** Opening Information provided block **
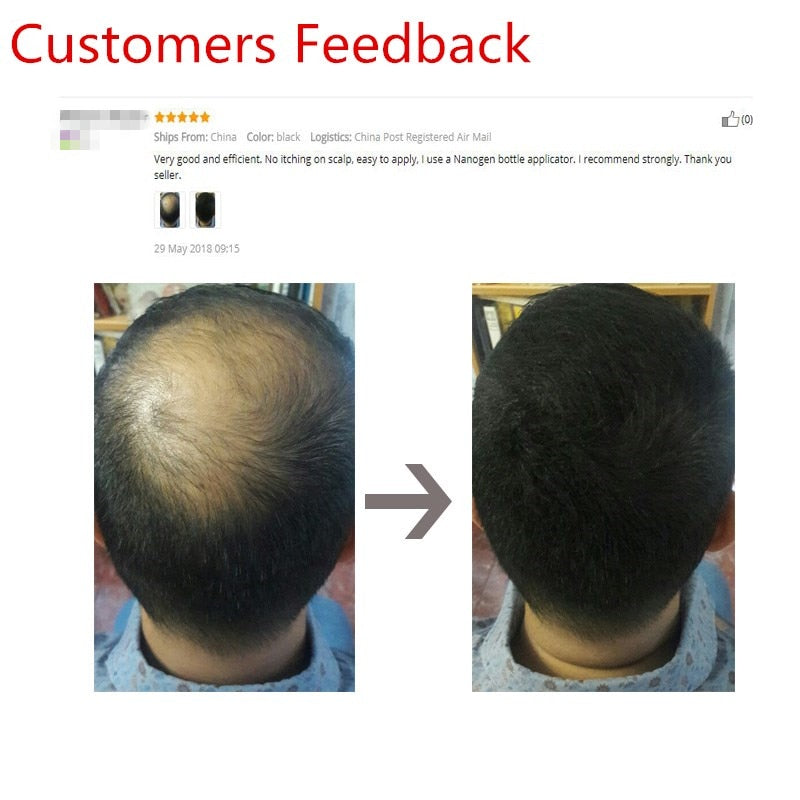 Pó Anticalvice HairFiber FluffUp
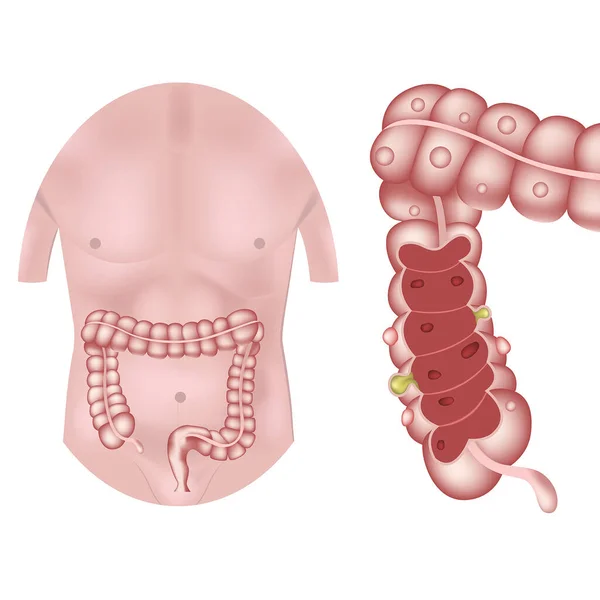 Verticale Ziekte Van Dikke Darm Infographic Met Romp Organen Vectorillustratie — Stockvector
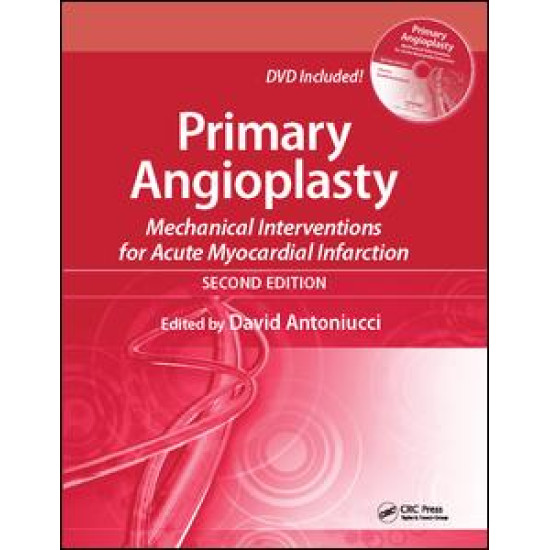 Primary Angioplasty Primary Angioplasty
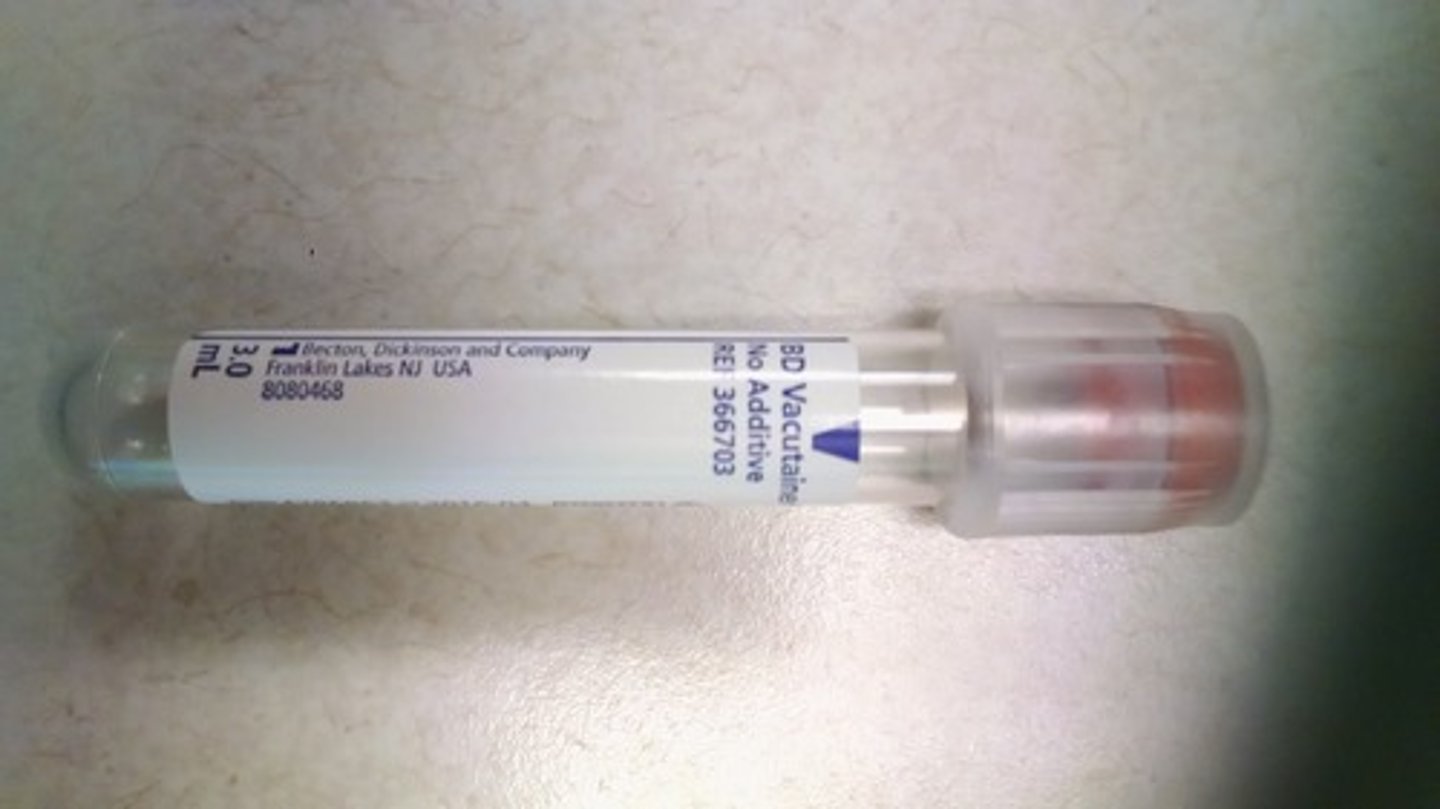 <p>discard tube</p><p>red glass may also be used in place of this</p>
** Closing Information provided block **
Set the listing down again exactly, skipping each picture.

## Exercise solution
 Pó Anticalvice HairFiber FluffUp
 Verticale Ziekte Van Dikke Darm Infographic Met Romp Organen Vectorillustratie — Stockvector
 Primary Angioplasty Primary Angioplasty
 <p>discard tube</p><p>red glass may also be used in place of this</p>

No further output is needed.